El Evangelio de hoy ha sido algunas veces bautizado como el del siervo cruel e inclemente. Realmente cuando uno escucha semejante historia, le surge la pregunta: Pero, ¿cómo pudo ser tan duro con el compañero que le debía sólo cien denarios después de todo lo que se le perdonó a él, que era muchísimo más y que le hubiera costado perderlo todo: a su mujer, a sus hijos, todas sus propiedades y hasta ser vendido él mismo?

Visto desde fuera parece impensable. Pero, ¡cuántas veces el perdonar se nos hace tan cuesta arriba, tan difícil y le hacemos pagar al que tenemos cerca hasta el último céntimo de sus fallos o metidas de pata! Esto sucede de una forma casi espontánea y muchas veces inconsciente. Es como si las personas nos olvidáramos muy rápidamente de cuando uno mismo lo pasó mal o estaba necesitado de la solidaridad o perdón de los demás.

Si vivo en la conciencia de que a mí se me ha ayudado muchas veces, que lo que soy se lo debo  al cariño y a la dedicación de muchas personas empezando por mis padres, se me va a hacer mucho más fácil ayudar.

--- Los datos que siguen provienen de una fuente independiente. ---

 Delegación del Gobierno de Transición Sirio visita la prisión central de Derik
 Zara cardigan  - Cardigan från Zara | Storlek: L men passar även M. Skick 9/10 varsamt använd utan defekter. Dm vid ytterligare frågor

También es vital recordar las veces que a mí se me han aguantado esas pequeñas y grandes injusticias cometidas o que otros me han pasado muchas cosas por alto. Recordar esos momentos más pesados, donde alguien estuvo allí y soportó mis reacciones con paciencia y amor, me hace más fácil perdonar a las personas que me ofendan.

Esta “hacer memoria de mi propia historia” de vez en cuando es algo que el pueblo de Israel cuidaba mucho: “Acuérdate de todo el camino que Yahvé tu Dios te ha hecho recorrer durante estos cuarenta años…guárdate de olvidar…” (Deuteronomio 8,2)

Esta memoria se hace aún más fuerte si recordamos que como cristianos hubo alguien que cuando nosotros estábamos sin esperanza y sin Dios, pagó con su propia vida esa deuda que no nos hubiera bastado toda la vida para pagarla.